A Guiré dans la journée du vendredi, la délégation a été accueillie dans une ambiance festive. C’est dans cette zone, précisément à Sogolon, en 1896, que la première école a été ouverte et Daba Keita en est l’un des premiers élèves. Le maire de la localité en a profité pour mentionner les insuffisances d’infrastructures scolaires, la non couverture de la zone en réseau téléphonique, et par la télévision.

 Le manque  de CSCOM, ainsi que la crise alimentaire sont une réalité frappante. La population, estimée à 12.950 habitants, est composée de Soninkés, peulhs, Maures et Bambaras qui vivent exclusivement de pêche, d’agriculture et de commerce. La migration y est très développée. Le président de l’Association des ressortissants du cercle de Nara (ADECNA) Gabouné Keita, a rappelé l’esprit de développement du cercle que vise l’Aferna- Zeyna. A cet effet, il leur tire le chapeau.  Une visite de courtoisie a été rendue au chef de village, Mamoudou Marreba Keita, cousin du feu président.

La ministre de la Promotion de la femme, native de Nara, s’est réjouie de cette célébration, à l’orée du Cinquantenaire de l’indépendance du Mali.  Elle s’est dite fière de constater que les femmes avaient une place de choix dans les prises de décisions, comme en témoignent des femmes de renom telles que Sira Diop, Haoua Keita, Ina Sissoko et tant d’autres.

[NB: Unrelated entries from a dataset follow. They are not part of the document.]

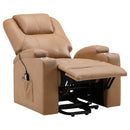 Armstrong Power Lift Massage Recliner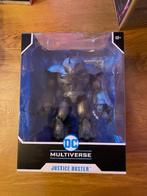 DC  JUSTICE BUSTER, Verzamelen, Poppetjes en Figuurtjes, Ophalen of Verzenden, Nieuw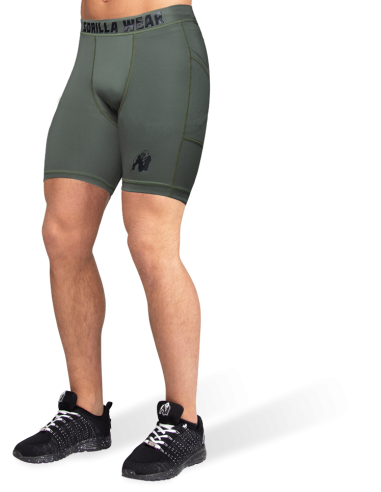 Smart Shorts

Elle a rappelé que cette journée commémorative répond à une attente de la population: "Nara a donné au Mali son premier président, à cet effet, elle ne pouvait pas rester en marge du Cinquantenaire ".

Cette idée est formidable car c’est un rappel de mémoire des idéaux du président Modibo Keita. Pour terminer, elle dira que la jeunesse doit prendre conscience de son rôle dans le développement du cercle de Nara.

Rappelons que l’Aferna ou groupe Zéïna, est une association apolitique  non confessionnelle et à but non lucratif, qui a pour objet d’œuvrer à l’amélioration des conditions socio économiques et culturelles des ressortissants et sympathisants du cercle de Nara en général et des femmes en particulier.